难不成是因为她只是小蝴蝶最近翅膀扇的太用力,所以把整个剧情都扇歪了?
她紧紧蹙眉,眼底带着深究。
顾泽辰并没有注意到她的异样,还在兴致勃勃的介绍。
“灵月公主是先皇的妹妹,也是先长公主的妹妹,两人虽然不是同一个母亲所生,可是却同样聪慧,听说当初她也为大楚做出了不少贡献,其功绩和长公主几乎能相媲美,也是百姓口口相传的人儿。”
顾泽辰说的唾沫横飞,慕令仪的眉头却锁的更厉害了。
这样厉害的人儿,书中却从头到尾都没有提及,这不符合逻辑啊!
“既然如此厉害,那到最后为什么没有消息了呢?”
顾泽辰面上染上一丝叹惋,颇有些壮士扼腕的感觉。
“这个我就不知道了,只知道当年宫内似乎发生了什么变故,先皇让人封锁了所有消息,紧接着你母亲被封了长公主,而灵月公主则是被聪聪送往邻国和亲。”
更疑惑了好吗?
如果当真是国家的栋梁之材,那怎么可能会轻而易举的送去他国和亲?
而且时隔十几年,又带着女儿回来,这怎么想都有些不合情理好吗?
慕令仪只觉得最近得知的消息太多,脑子都快要炸了
,想不通其中关窍,索性就把这个问题放到了一边。
“算了算了,光听你这么说也听不出个所以然来,等见了人之后再说吧。”
慕令仪说着,就直接把人赶了出去,顾泽辰有些受伤,可到底没有说什么。
时光转眼而逝,很快一行人就到了上京。
慕令仪带着袁若妍匆匆回府,梁王则是带着陆薛礼去了大理寺。
慕令仪刚刚踏进自己的院子,慕远松就闻讯赶过来了,面上还挂着和之前如出一辙的慈祥笑容,寒暄了一番之后就直奔主题。

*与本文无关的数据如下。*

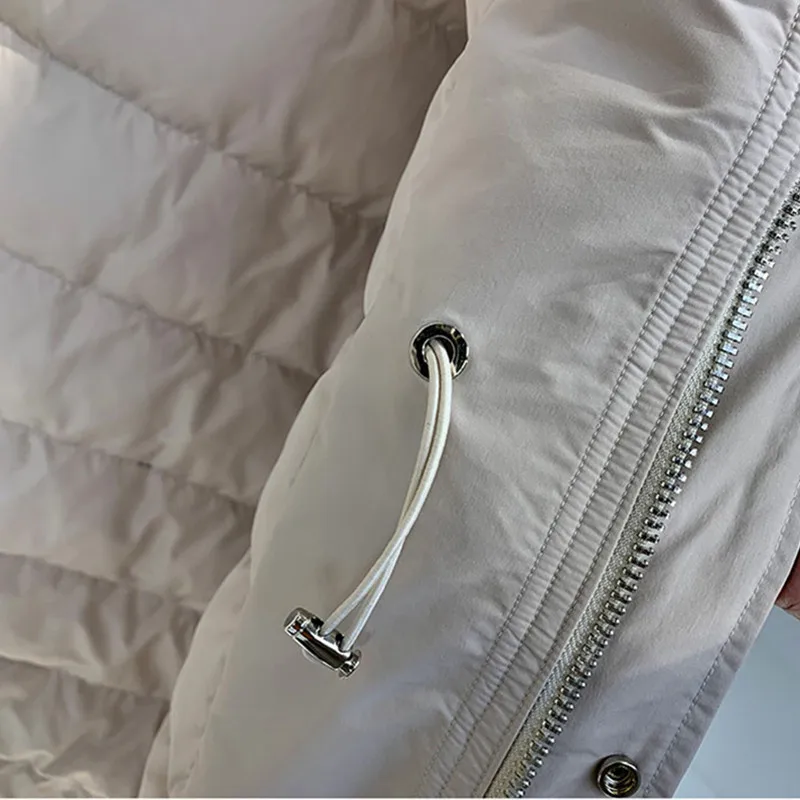ウォームダウンスノージャケット女性の冬の新ファッション 90% ホワイトダックダウンフード付きコートカジュアル女性ロングパーカーオーバーコート XQ319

“令仪啊,这次出去游玩,可发生什么好玩的事情没有?”
慕令仪听到这个问题,眼睛一下子就亮了起来,声音兴奋而尖锐。
“当然有,我们一路上看到了好多和上京不一样的风景,吃到了好多特色美食……”
她喋喋不休,把一路上遇到的趣事都说了出来。
慕远松耐心听他说完,这才开口。
“那令仪有没有遇到什么让你记忆深刻的事情呢?”
慕令仪茫然的眨眨眼睛,歪了歪头。
“记忆深刻的事情?伯父指的是什么?”
她满脸疑惑,慕远松盯着她的脸看了一会,没发现什么异样,这才开口。
“没什么,令仪玩的开心就好。”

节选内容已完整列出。